Together, the two flame fronts rebound when the piston reaches the bottom of the stroke. The twin exhaust valves get out of the way of the exhaust gas as they open, giving the spent charge the shortest possible route out of the motor — for awhile.

The rising piston and the ridge across the combustion chamber combine to cut off the scavenging effect of the relative vacuum that forms on the other end of the exhaust valves.

I'm used to thinking that it doesn't matter if a little of the fresh gas coming in during valve overlap goes out the exhaust with the bad gas, as long as the bad charge is pulled out fast. Shawn had to explain to me why reduced scavenging is a good thing.

"...As the (exhaust) valves are closing, piston moving up, I think the intake side of my divided combustion chamber will start to fill with fresh intake fuel air mixture. The fresh charge is contained in the intake side of the combustion chamber as the exhaust is pulling out more burnt gases from the exhaust side of the combustion chamber. I think that this reduced scavenging of the fresh intake charge helps maintain a higher percentage of fuel air/mixture in the cylinder vs. NOx, CO, SOx, C02. We are speaking of the minutest amount  of air fuel mixture. But at 3,500 rpm it adds up."

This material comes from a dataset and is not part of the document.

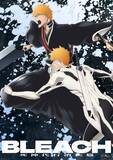 「『BLEACH』特別企画、死神代行消失篇に突入　きょうから期間限定無料配信、OP&ED映像など続々」の画像1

Take at look at Shawn's drawings below for an idea of how it all works.















Running the criss-cross valve train would be "no problem" with double overhead cams, Shawn says. But, for the NSF test, not only must the Royal Enfield retain its push rods, but the new valve train has to be a bolt-on modification.

So the new cylinder head design uses "piggy-back" rockers, one on top of the other instead of side-by-side. This fits under the stock tank, "although it's close," Shawn says.

More importantly, Shawn doesn't think the valve train arrangement will cancel out the gains from improved combustion.

He's very close to testing the new head on his 2014 Royal Enfield Continental GT, he said. When it's tuned and ready, the bike will be tested at a Denver facility as stock, with stock catalytic converter, to establish a baseline. Shawn will then attach his new cylinder head for testing.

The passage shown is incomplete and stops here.